#### PROBLEM DETAILS
Repeat the lines below exactly as they appear, but leave out the images.

Records contained in a dataset:

▽

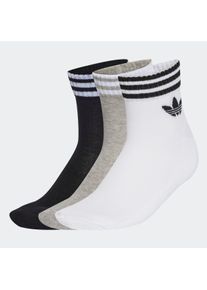 Sportsocken adidas originals "3-STREIFEN ANKLE, 3 PAAR", Herren, Gr. M (40/42), schwarz-wei&szlig; (wei&szlig;, medium grau heather, schwarz), Obermaterial: 78% Baumwolle, 19% Polyester, 2% Elasthan, 1% sonstige Fasern, Socken Sportsocken, f&uuml;r vielseitige Aktivit&auml;ten, kn&ouml;chellang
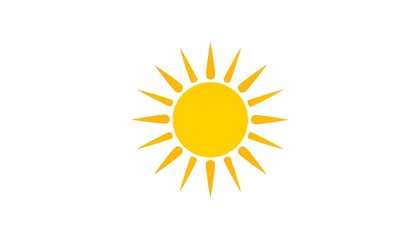 Fototapeta premium A stylized sun illustration with radiating yellow rays on white background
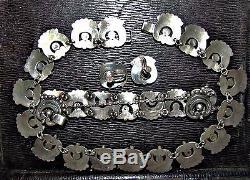 Vtg los castillo taxco sterling silver necklace bracelet & earrings mexico mcm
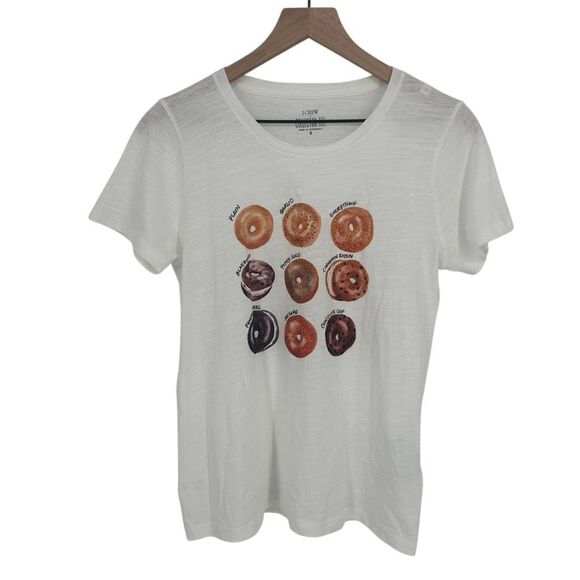 J.Crew Factory Graphic Bagel T-Shirt Tee Small White Collector Tee Novelty - Picture 2 of 11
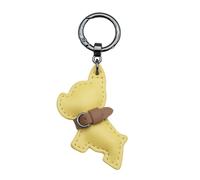 AIRHSKWI Portachiavi a forma di cane francese, in pelle PU, con ciondolo a forma di cane, ornamento da appendere per chiavi dell'auto e borse, gun color, Acciaio legato/piuma/panno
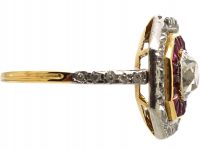Art Deco French Import 18ct Gold & Platinum Octagonal Ring set with Rubies & Diamonds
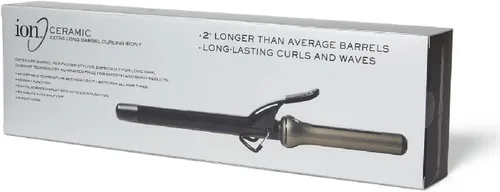 Vista 4 de Ion Rizador de barril extra largo, 1 pulgada de diámetro, longitud XL para cabello largo, rizos de larga duración, apagado automático con ajustes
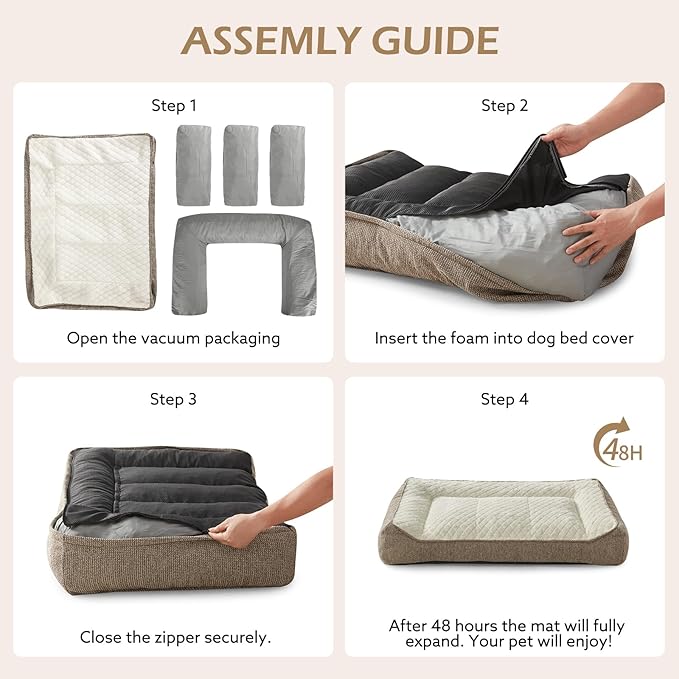 JOEJOY Orthopedic Dog Bed Medium Sized Dogs Extra Thick Supportive Big Dog Couch Bed with Sides Ultra Soft Pet Bed Sofa Beige 35''x25''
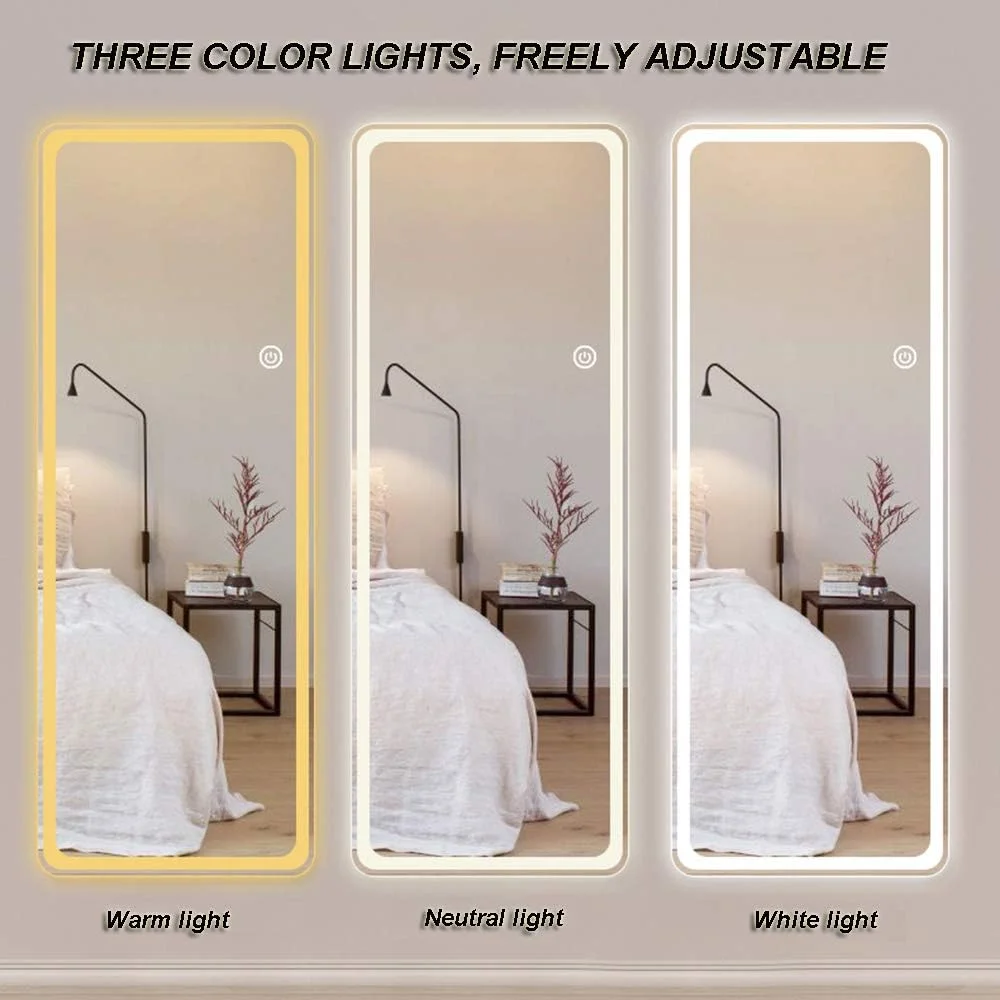 آینه حمام QDDVGTGDS، آینه حمام دیواری، آینه تمام قد با سوئیچ لمسی با نورپردازی، آینه LED با کیفیت HD و صرفه جویی در انرژی، مناسب برای ورودی/اتاق خواب/اتاق پرو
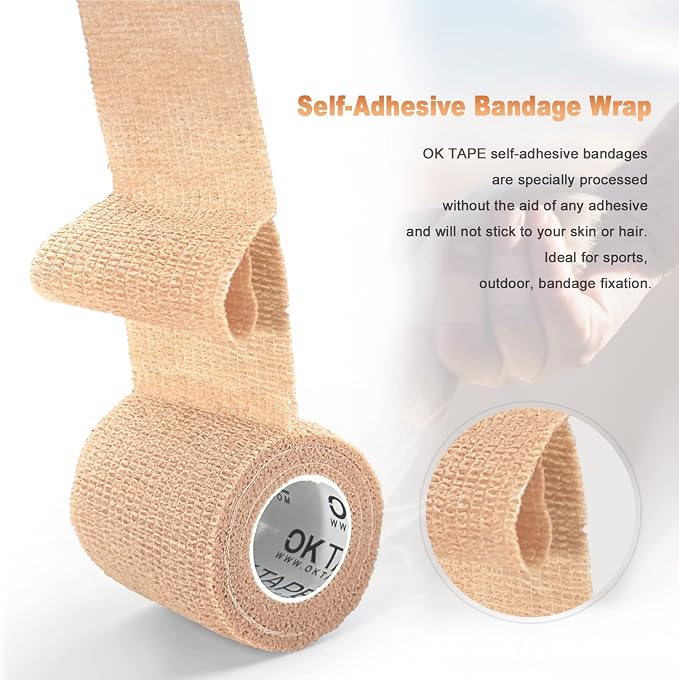 OK TAPE Self Adherent Cohesive Bandages Wrap 12Packs 2" x 5 Yards | Non-Woven for Thumb Finger Wrist Ankle Vet Wrap Bandages Tape Self Adhesive Bandage Wrap Breathable (Light Purple)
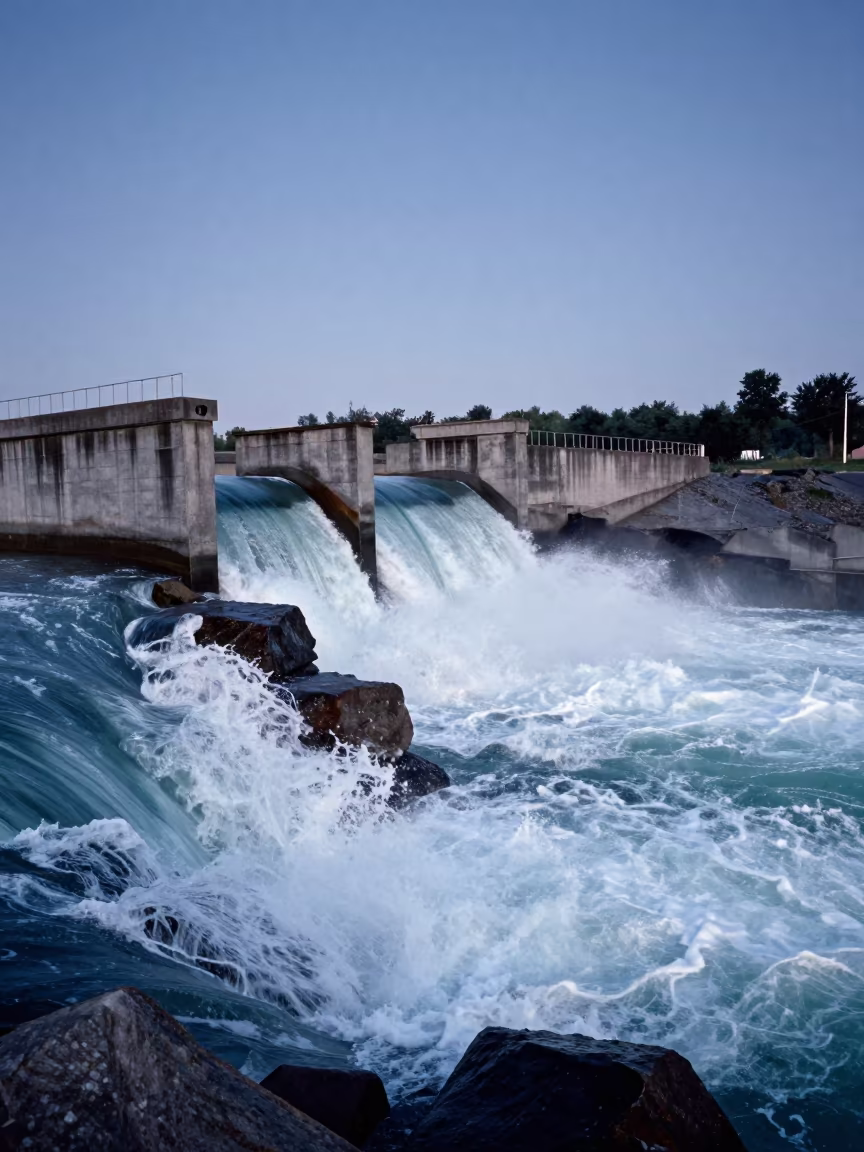 Spillway Toe Frothing Against Boulders Before Dawn in along concrete walls above turbulent water near Gorzów Wielkopolski
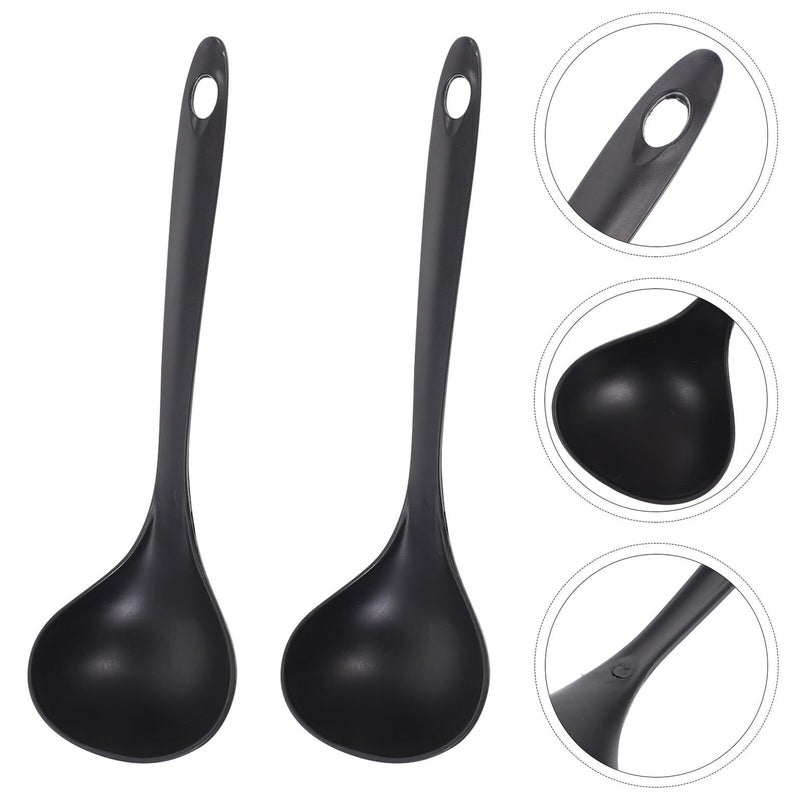 2 Pcs Long Handle Nylon Soup Spoons Ramen Ladle Hot Pot Rice Sauce Scoop Cooking Serving - Image 4
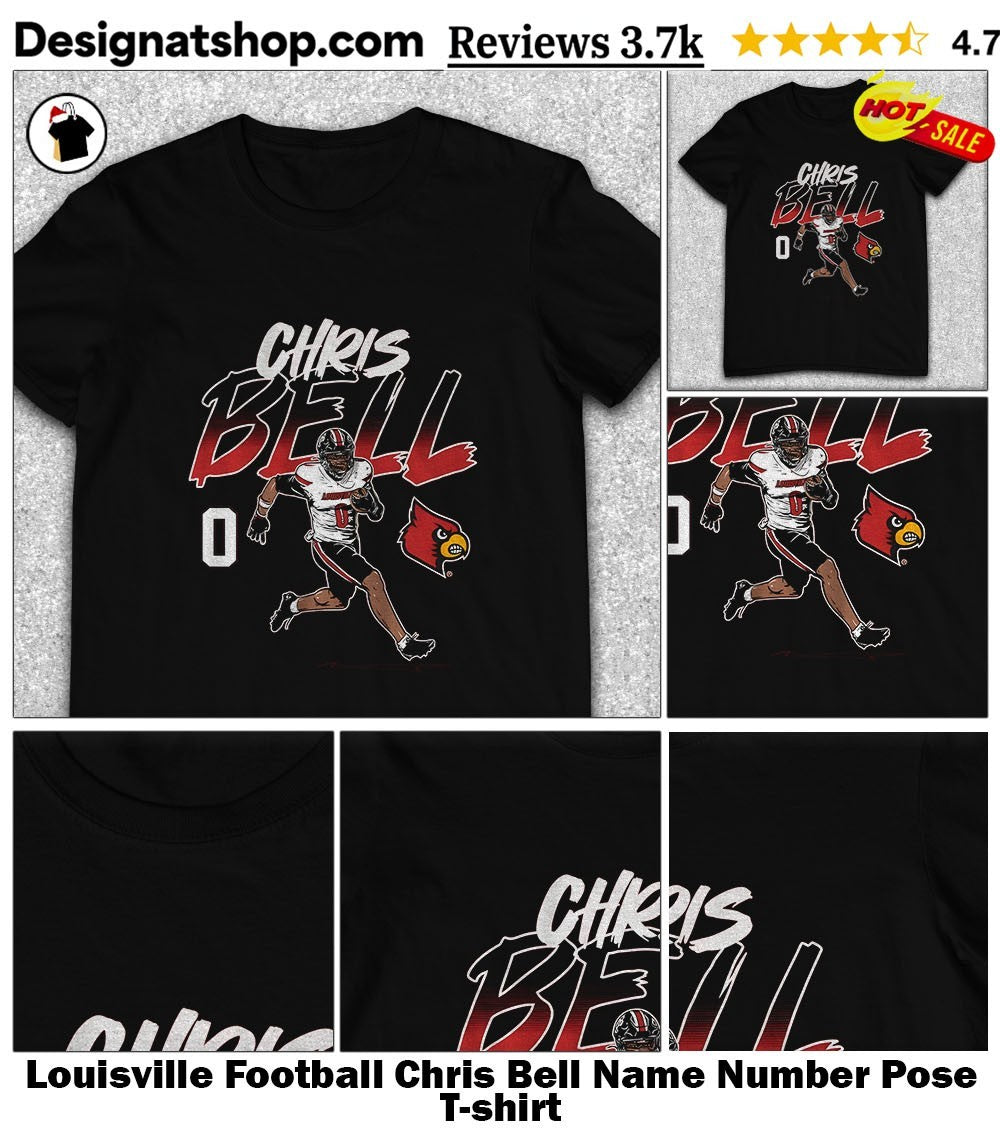 Louisville Football Chris Bell Name Number Pose shirt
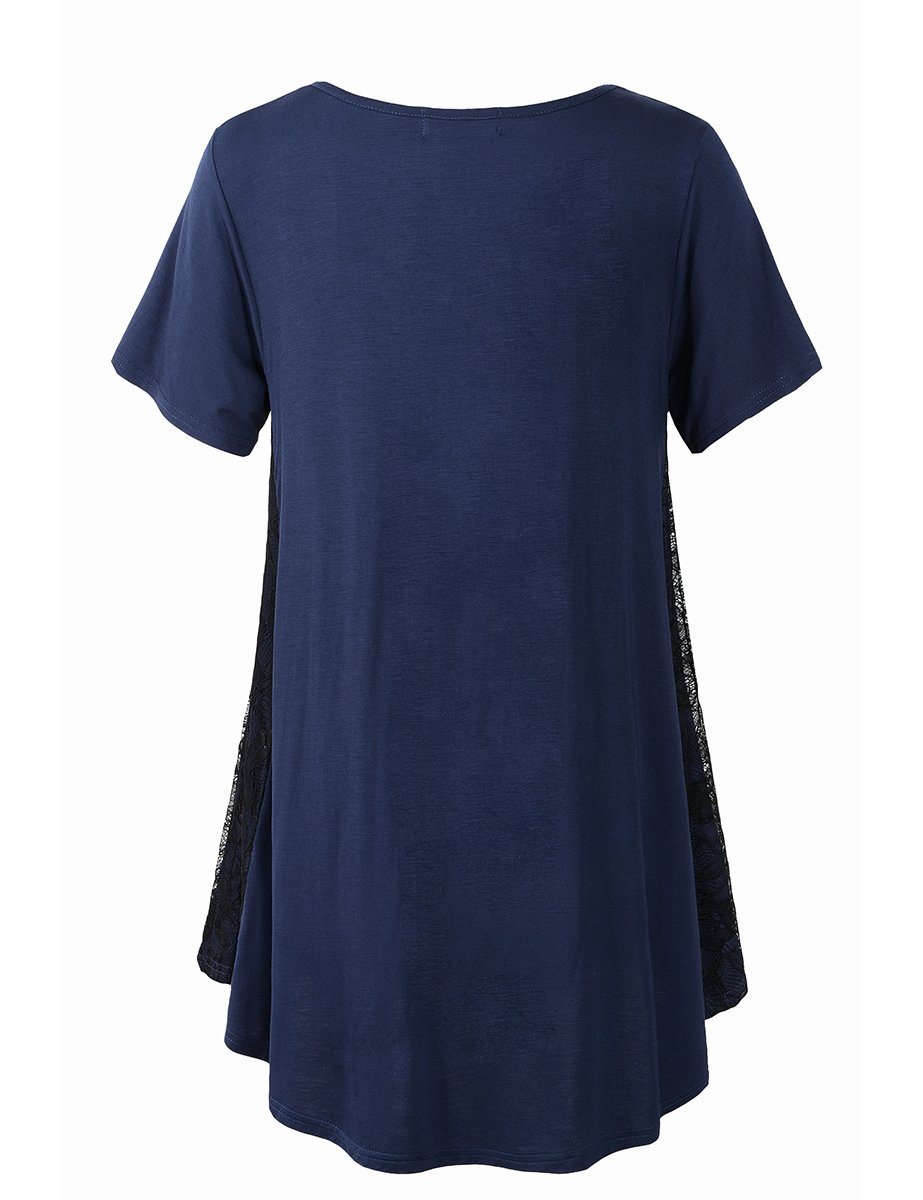 Plus Size Women Lace Short Sleeve Flare T Shirt for Leggings-LARACE 8047.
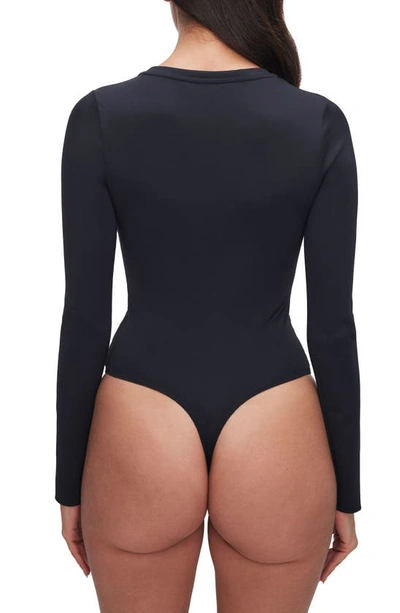 Shop Good American Scuba Crewneck Bodysuit In Black001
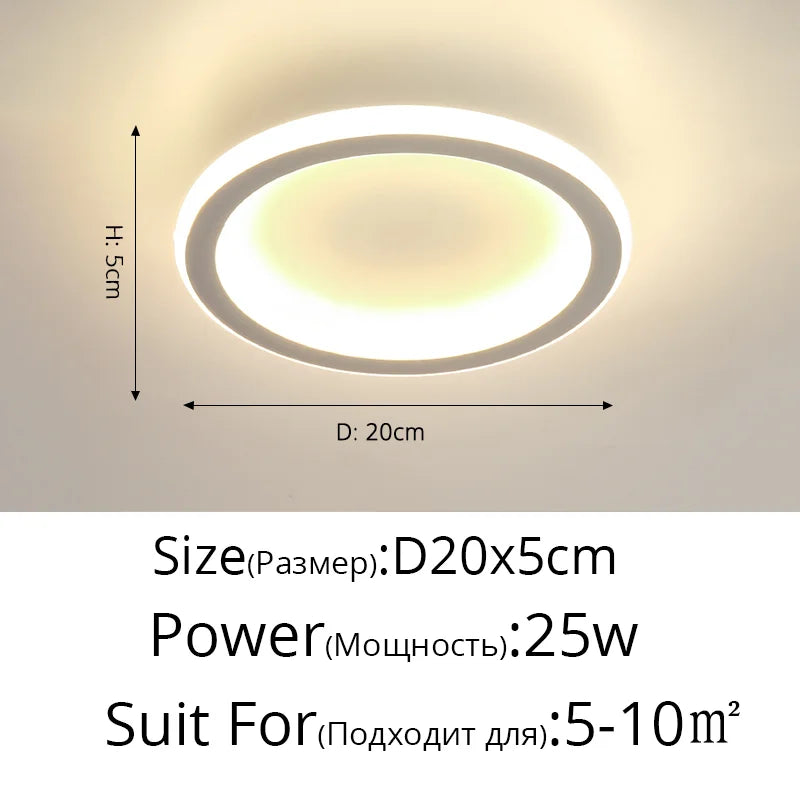 Afralia™ Square LED Ceiling Light 25cm Diameter for Home Kitchen Indoor Lighting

△

#### RESPONSE TO THE TASK
 Sportsocken adidas originals "3-STREIFEN ANKLE, 3 PAAR", Herren, Gr. M (40/42), schwarz-wei&szlig; (wei&szlig;, medium grau heather, schwarz), Obermaterial: 78% Baumwolle, 19% Polyester, 2% Elasthan, 1% sonstige Fasern, Socken Sportsocken, f&uuml;r vielseitige Aktivit&auml;ten, kn&ouml;chellang
 Fototapeta premium A stylized sun illustration with radiating yellow rays on white background
 Vtg los castillo taxco sterling silver necklace bracelet & earrings mexico mcm
 J.Crew Factory Graphic Bagel T-Shirt Tee Small White Collector Tee Novelty - Picture 2 of 11
 AIRHSKWI Portachiavi a forma di cane francese, in pelle PU, con ciondolo a forma di cane, ornamento da appendere per chiavi dell'auto e borse, gun color, Acciaio legato/piuma/panno
Art Deco French Import 18ct Gold & Platinum Octagonal Ring set with Rubies & Diamonds
 Vista 4 de Ion Rizador de barril extra largo, 1 pulgada de diámetro, longitud XL para cabello largo, rizos de larga duración, apagado automático con ajustes
 JOEJOY Orthopedic Dog Bed Medium Sized Dogs Extra Thick Supportive Big Dog Couch Bed with Sides Ultra Soft Pet Bed Sofa Beige 35''x25''
 آینه حمام QDDVGTGDS، آینه حمام دیواری، آینه تمام قد با سوئیچ لمسی با نورپردازی، آینه LED با کیفیت HD و صرفه جویی در انرژی، مناسب برای ورودی/اتاق خواب/اتاق پرو
 OK TAPE Self Adherent Cohesive Bandages Wrap 12Packs 2" x 5 Yards | Non-Woven for Thumb Finger Wrist Ankle Vet Wrap Bandages Tape Self Adhesive Bandage Wrap Breathable (Light Purple)
 Spillway Toe Frothing Against Boulders Before Dawn in along concrete walls above turbulent water near Gorzów Wielkopolski
 2 Pcs Long Handle Nylon Soup Spoons Ramen Ladle Hot Pot Rice Sauce Scoop Cooking Serving - Image 4
 Louisville Football Chris Bell Name Number Pose shirt
 Plus Size Women Lace Short Sleeve Flare T Shirt for Leggings-LARACE 8047.
 Shop Good American Scuba Crewneck Bodysuit In Black001
 Afralia™ Square LED Ceiling Light 25cm Diameter for Home Kitchen Indoor Lighting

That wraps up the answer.